Case	Mean Loss (%)	Standard Deviation (%)	Maximum Value (%)
10W/40PPI/RT55	3.25	1.90	7.19
10W/10PPI/RT64	14.70	4.60	20.90
20W/10PPI/RT64	5.62	2.74	10.98
30W/10PPI/RT64	5.03	2.70	9.35

, shows the mean heat loss, standard deviation, and maximum values for the cases that displayed the highest deviations from the model.

6. Conclusions

This study experimentally investigated the melting dynamics of PCM–metal foam composites under base heating, examining the roles of pore density, PCM type (melting temperature), and heat flux. The T-history method was used to accurately determine the thermophysical properties of RT42, RT55 and RT64HC, providing more reliable data than supplier datasheets.

The results demonstrated that embedding PCMs (RT55 and RT64HC) within metallic foams improves thermal uniformity and reduces thermal lag compared to bulk PCM. Variations in pore density between 10, 20, and 40 PPI had negligible influence on melting completion time under constant porosity, suggesting that the dominant effect is the presence of a conductive pathway rather than its pore density. PCM melting temperature strongly affects melting duration, with higher latent heat materials requiring longer times to fully melt. Heat flux was found to be the dominant parameter, with higher fluxes significantly reducing melting times, although diminishing returns appeared at elevated levels.

The empirical correlation proposed by Diani and Campanale [18] for side-heated foams was applied to the present base-heated configuration. While the model captured the overall melting trends, it consistently underpredicted the melting completion times at higher heat fluxes. This deviation arises from two key factors: (i) a difference in heat transfer geometry between side heating and base heating, and (ii) unavoidable external heat losses (approximately 3–15% of the input power) due to the uninsulated experimental setup. Among these, heat losses were found to play the more dominant role. Notably, the original validation of the correlation against an idealized adiabatic, one-dimensional base-heating case [27] highlights the importance of developing refined models that explicitly account for non-adiabatic base-heating conditions.

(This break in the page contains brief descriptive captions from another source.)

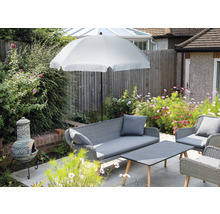 Ensemble de meubles de jardin avec parasol, canapé, fauteuils et table sur une terrasse.
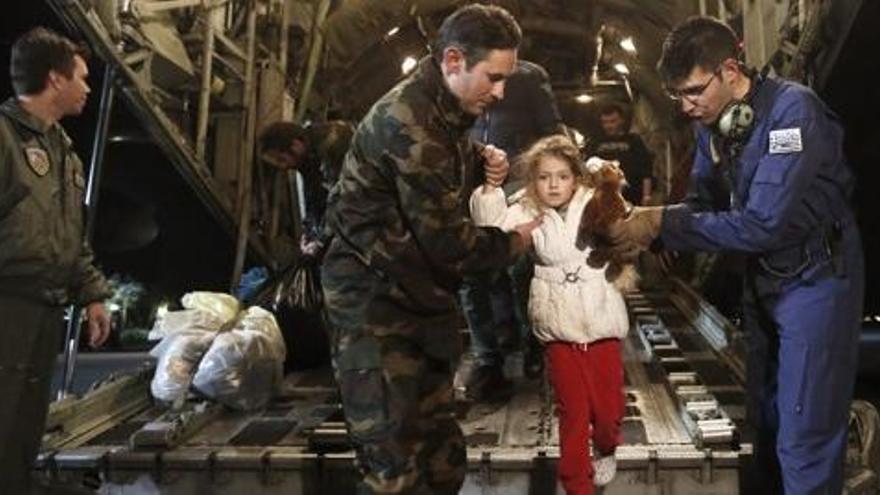 Soldats ajuden a sortir del vaixell de rescat a una nena.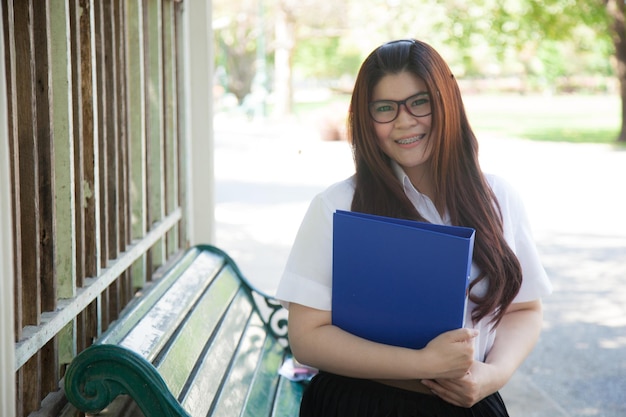 Foto retrato de una joven sonriente con una carpeta en el banco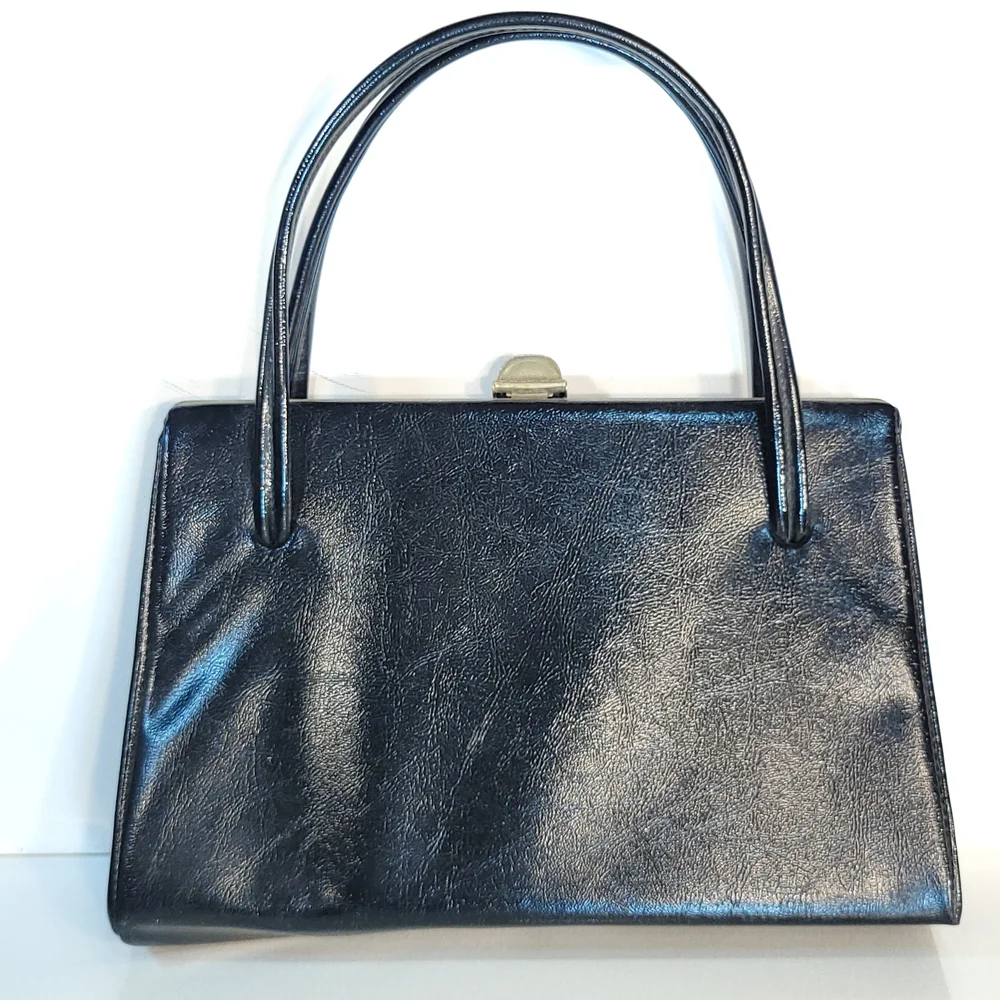 Classic Shape Vintage Handbag With Flip Lock Closure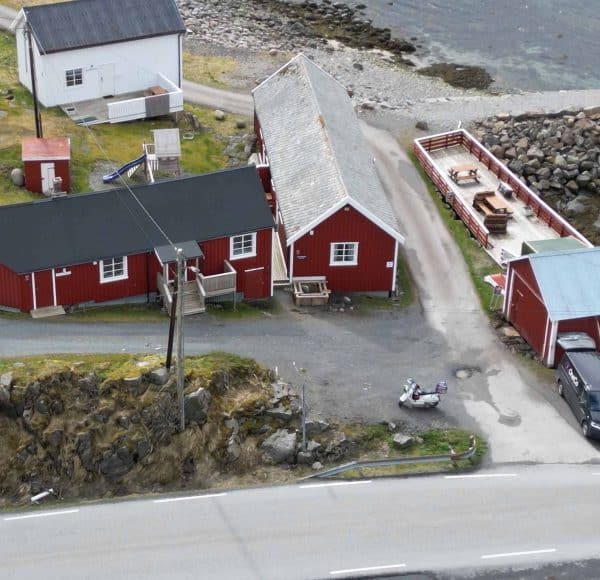 Mehrere rote Holzhäuser stehen nahe einer Küste, mit Straßen, felsigem Gelände und dem Meer im Hintergrund.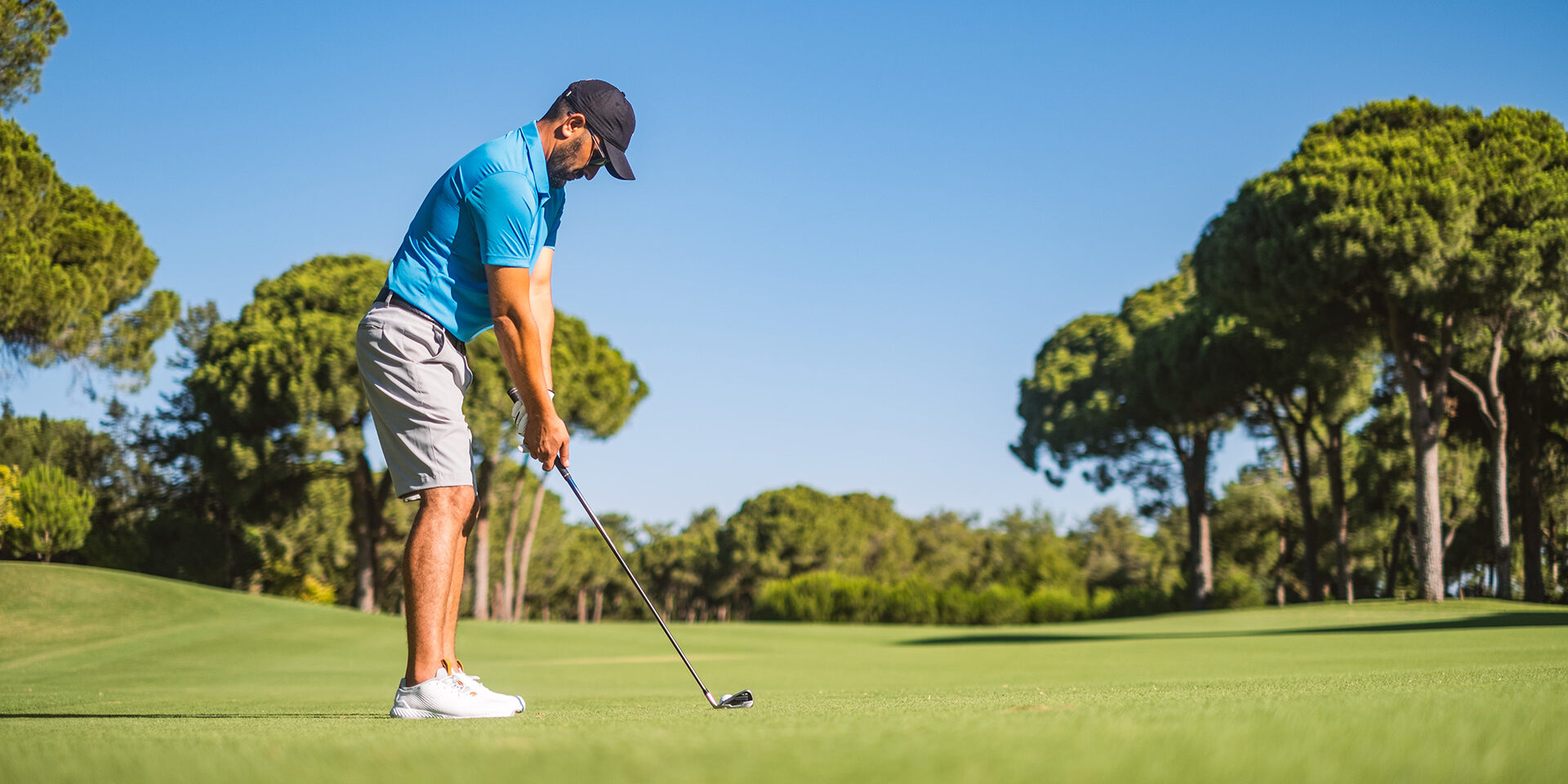 Man playing golf on field.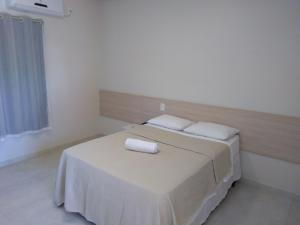 ein Schlafzimmer mit einem Bett mit zwei Kissen darauf in der Unterkunft Hotel Portal do Corrente in Santa Maria da Vitória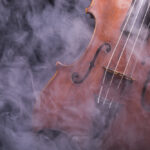 A viola or violin in smoke on a black background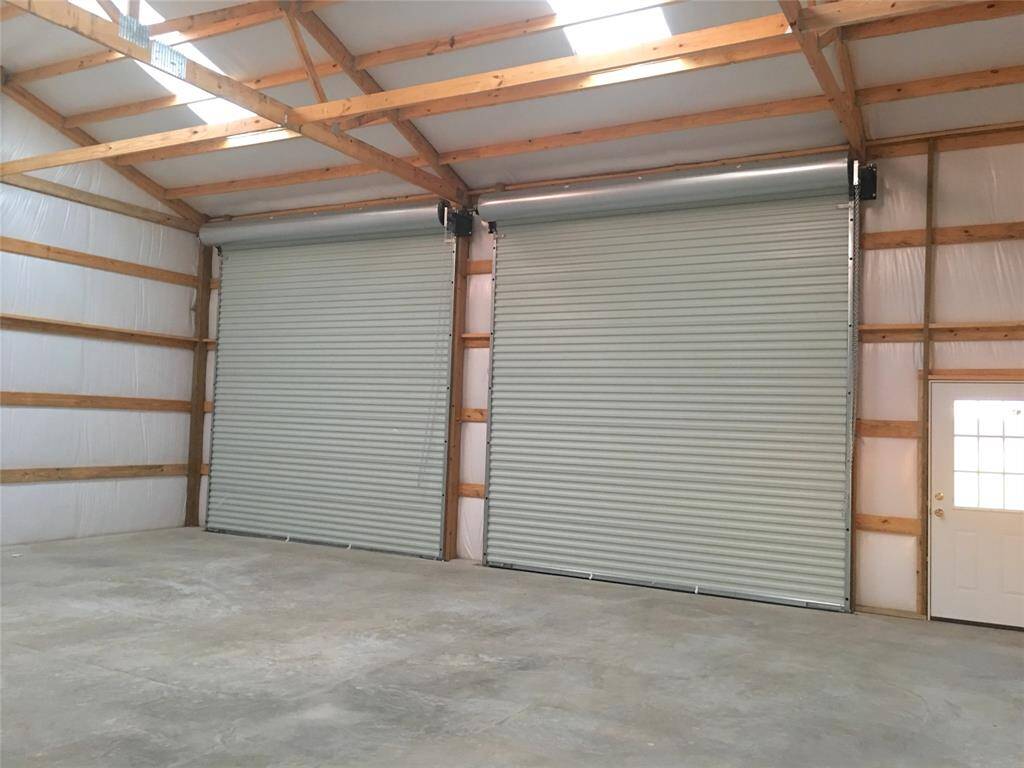 Spacious garage or workshop with high ceilings, featuring 3 large roll-up doors and a side entry door. Ideal for storage or projects.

Overall, PCM–metal foam composites were shown to significantly enhance heat transfer and reduce thermal lag, confirming their potential in compact TES modules, electronics-cooling, and renewable energy applications. Future research should prioritize (i) the design of additively manufactured metallic architectures with optimized pore geometries, (ii) developing a new correlation explicitly for base-heated configurations, and (iii) systematic evaluation of long-term cycling performance to accelerate the practical deployment of PCM–metal composites in advanced thermal management systems.